De Pizarro para Tello, Tello para Salas y Marcelo, en un soliloquio, lanzó un sombrerito, un autopase mágico,
como si estuviera pichangueando en los barrios de Temuco.
Toque corto, pase a Estay… ¡y gol!
1-0 Chile.
El Nacional se venía abajo.
La Roja presionaba como una máquina.
Estay robó arriba, metió centro, y apareció una vez más Marcelo.
Pero esta vez sin tocarla, dejó pasar la pelota con la grandeza de los cracks, habilitando, para que detrás suyo llegara Zamorano, el capitán, para doblarle una vez más la mano al destino y conseguir lo imposible.
2-0. La dupla “Za-Sa” probaba que podía mirar de arriba a los campeones del mundo.
La dupla ZA-SA estaba en la zona, ese estado al que solo llegan los futbolistas de élite.
Y ese fuego se contagió: cada chileno aumentó su nivel al lado de esos gigantes.
El “Murci” Rojas anuló a Roberto Carlos con garra y oficio,
Nelson Tapia se jugó la vida en los mano a mano,
Chile parecía un depredador que jugaba con su presa. O, más bien, era la historia repetida de David contra Goliat.
Y ahí apareció nuestro David, el Fantasista:
como sacado de un libro de cuentos, Pizarro imaginó una jugada de fantasía.
Centro perfecto, Salas amortiguó,
y con la zurda mágica que lo llevó a la Lazio sentenció una noche gloriosa.
3-0. El Estadio Nacional temblaba de emoción.
Sesenta mil almas celebraban la agonía de 170 millones de brasileños que veían a su selección humillada.
La noche terminó con un gesto irreverente:
Pizarro, ya dueño de la cancha, se dio el lujo de darle un manotazo a la pelada de Roberto Carlos.
Roja directa, pero daba igual.
La epopeya ya estaba escrita.
Chile había derribado a Brasil.
Y en el banco sonreía ese hombre, tantas veces incomprendido, tantas veces ninguneado: Don Nelson Bonifacio Acosta.

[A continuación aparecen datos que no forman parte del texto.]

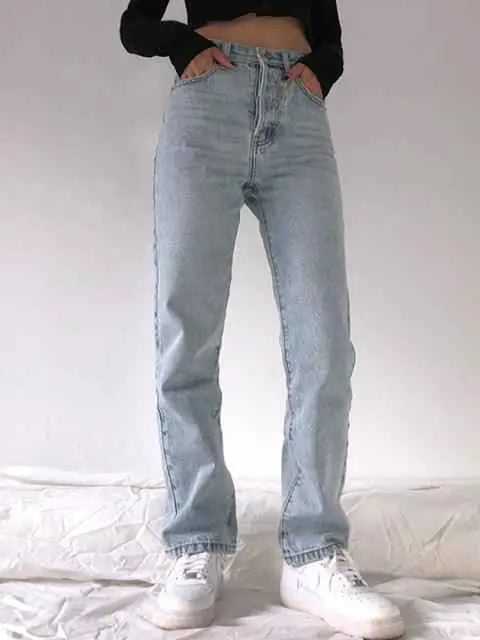high waist baggy jeans for men To God be The Glory Creations light blue XL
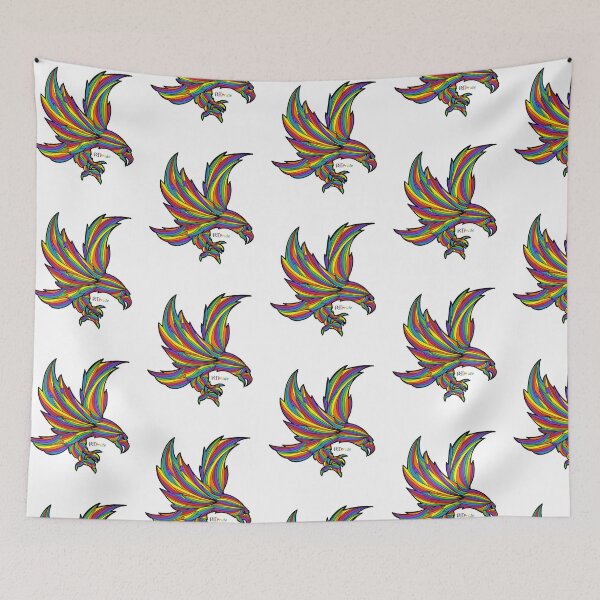 Item preview, Rainbow eagle, flying designed and sold by RikkyTeesPride.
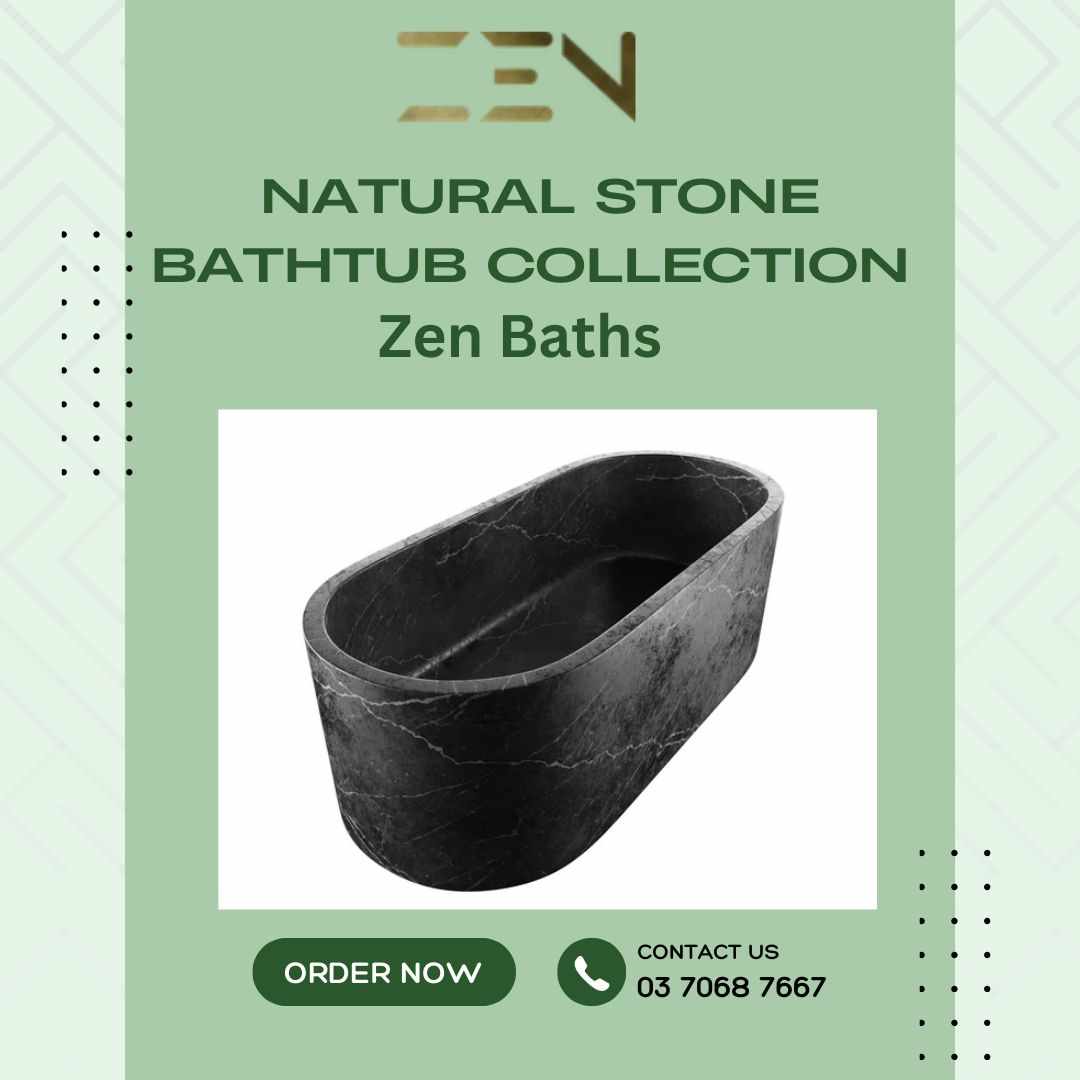 Natural Stone Bathtub Collection | Zen Baths
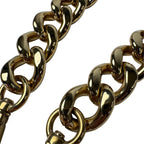 Fendi Metal Chain Gold Strap Necklace — view 7
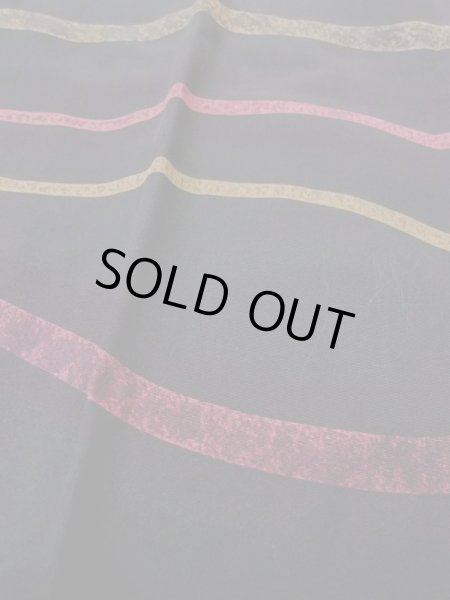 Photo8: N0529Z Vintage Japanese women   Black MICHIYUKI outer coat / Silk. Line   (Grade B) (8)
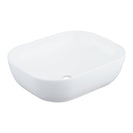 505*405*140mm Oval Above Counter Basin High Gloss White Ceramic Wash Basin - NZHomeware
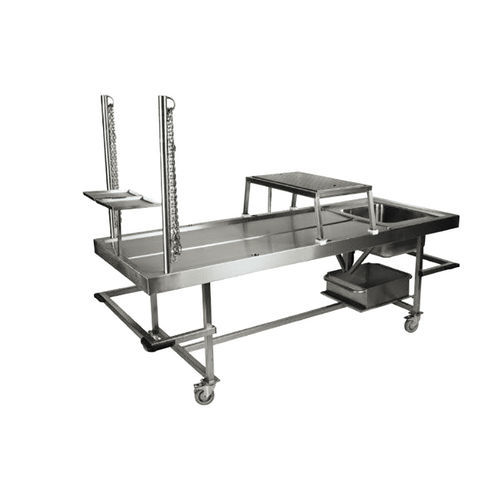 Dissection table - 88012 - Funeralia - rectangular / for animals / with sink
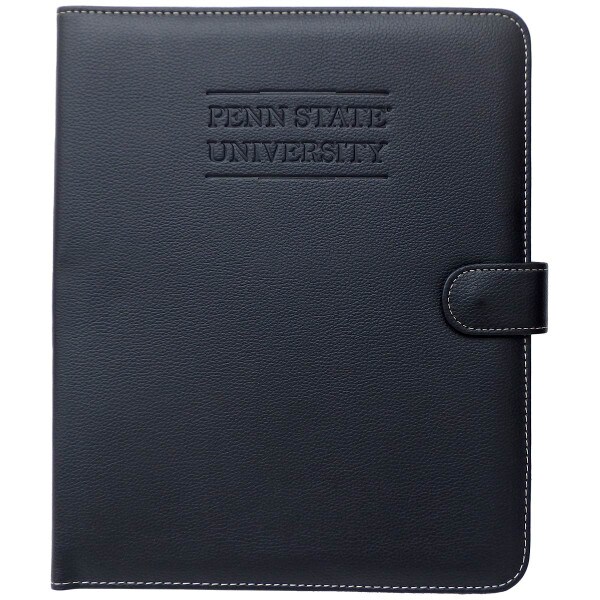 black portfolio with embossed Penn State University
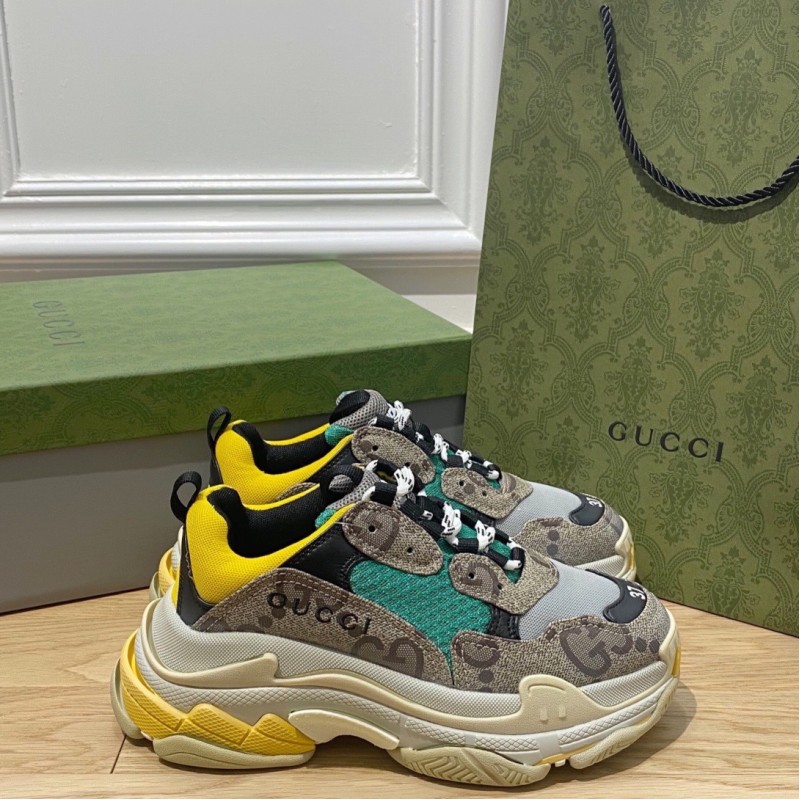 Balenciaga x Gucci Unisex Shoes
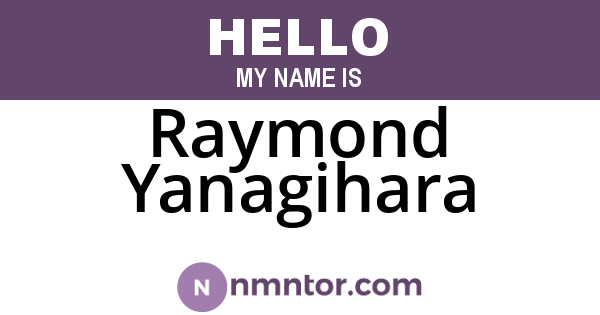 Raymond Yanagihara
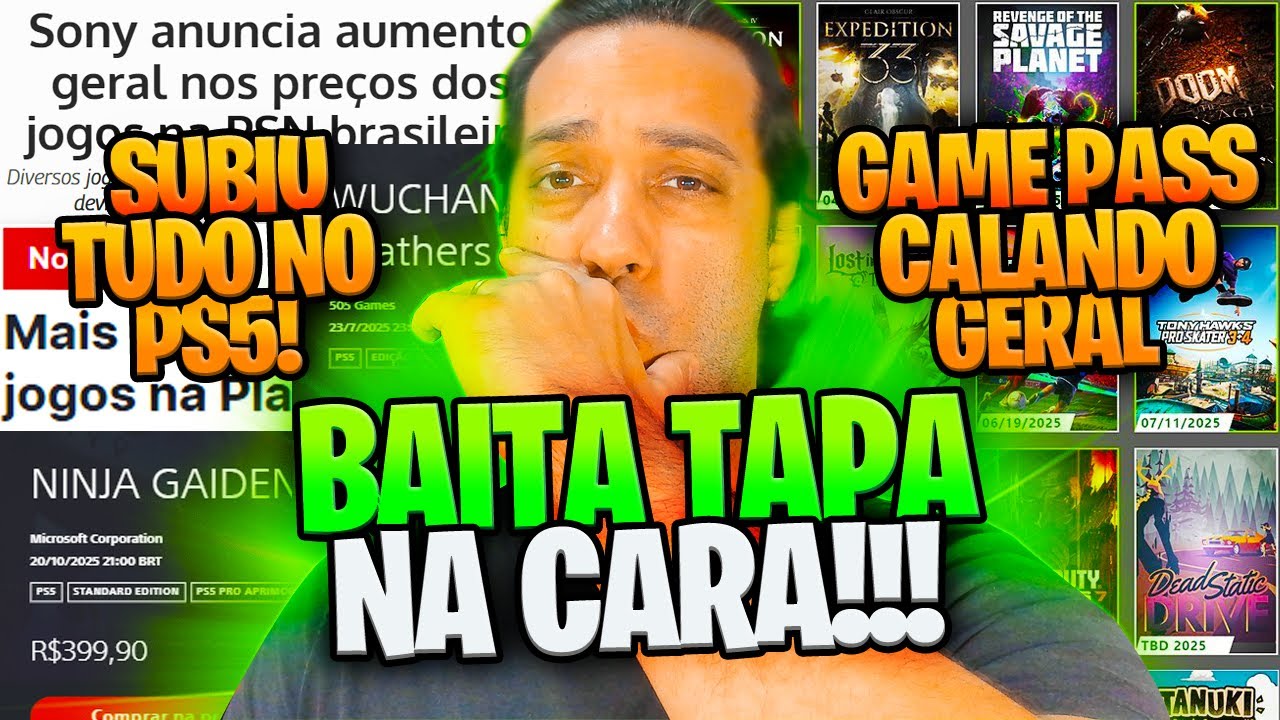 LAPADA SECA! GAME PASS &eacute; DESTRUIDOR com TUDO ISSO e STEAM no XBOX PEGANDO FOGO!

El charrúa que nos enseñó que los astros no estaban tan lejos,
que la Roja no debía escribir solo noches tristes,
sino versos gloriosos.
Don Nelson, que cambió lágrimas por orgullo,
derrotas por proezas,
y que nos recordó, en la más inolvidable de las noches,
que Chile también tiene estrellas en el cielo.